:: What you should do ::
From the line containing "Lane Bryant Embroidered" through the last line of the listing, output each line exactly as it stands. Omit pictures.
── Available data ──
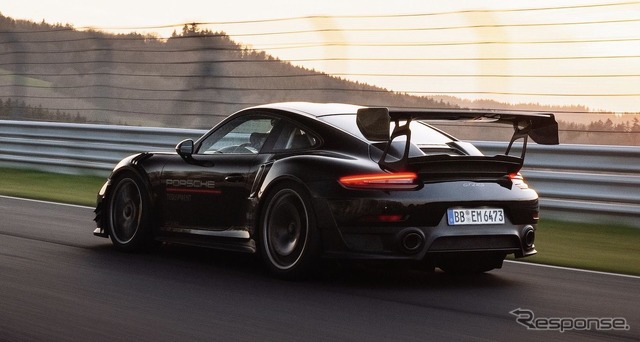 ポルシェ911 GT2 RS のニュルブルクリンク北コースのタイムアタック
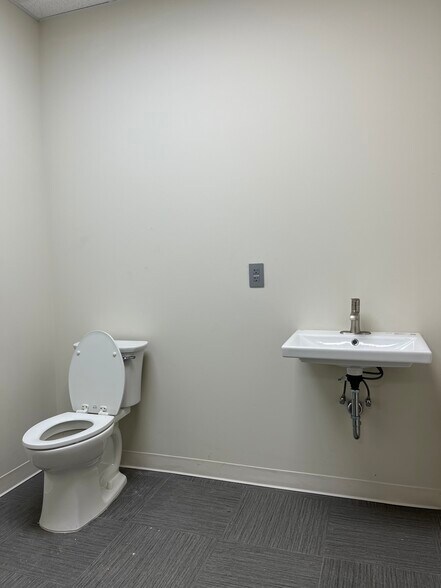 More Photos Of 28408 Sweetgum Rd, Magnolia Warehouse For Lease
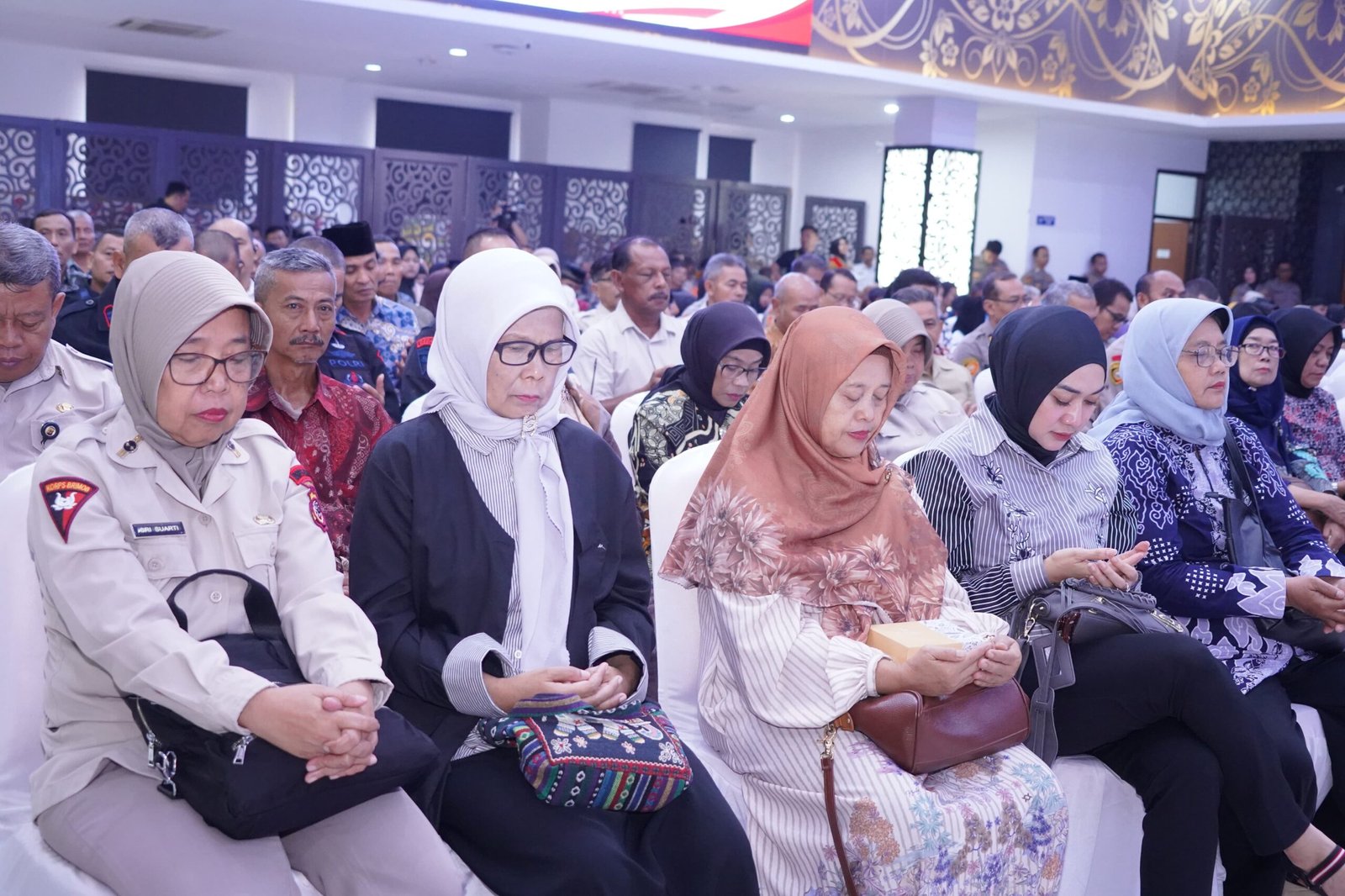 Polda Jabar Salurkan Bantuan Sosial kepada Warakawuri dalam Rangka Hari Bhayangkara ke 79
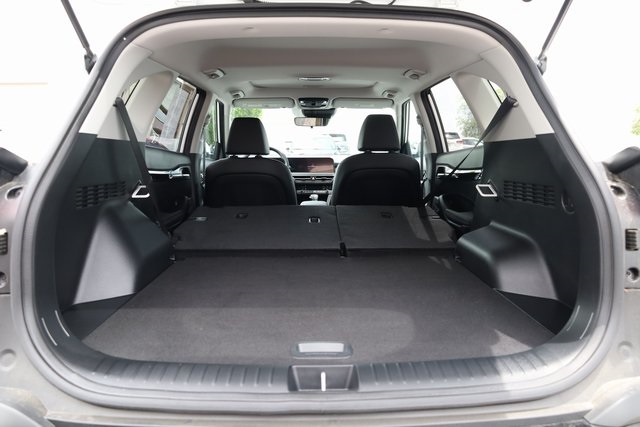 Vehicle image 29 of 33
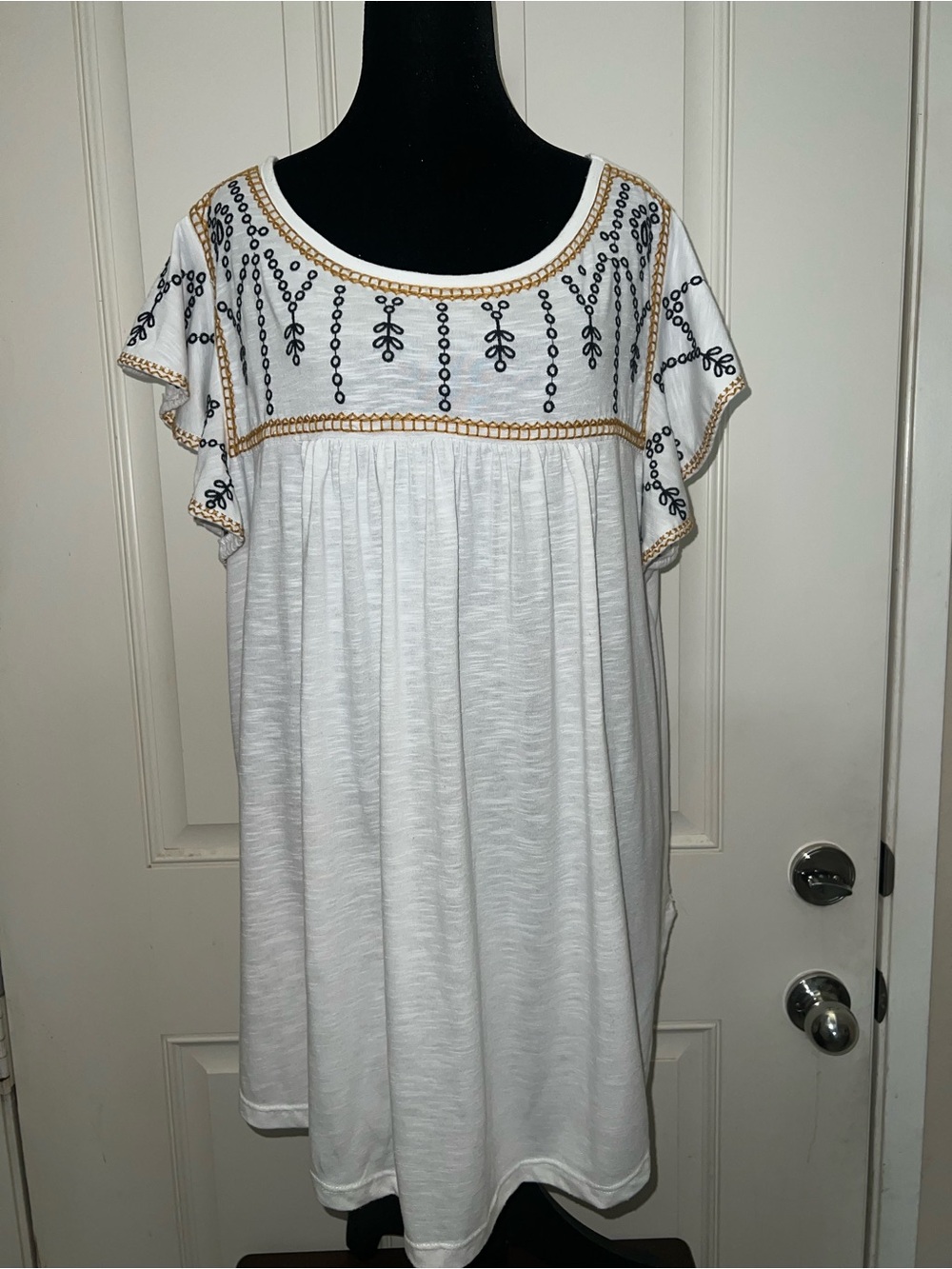Lane Bryant Embroidered Neckline Boho Flutter Sleeves Swing T-Shirt Sz 22/24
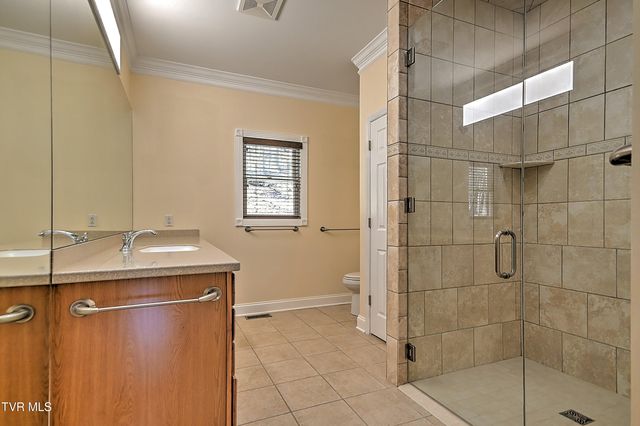 1320 Suntree Road, Unicoi, TN 37692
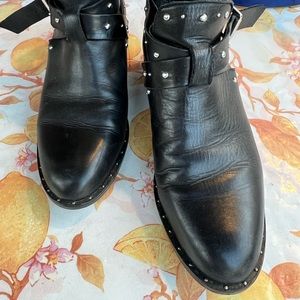 Pre own Hailey leather booties .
───
:: Reply to the task ::
Lane Bryant Embroidered Neckline Boho Flutter Sleeves Swing T-Shirt Sz 22/24
 1320 Suntree Road, Unicoi, TN 37692
 Pre own Hailey leather booties .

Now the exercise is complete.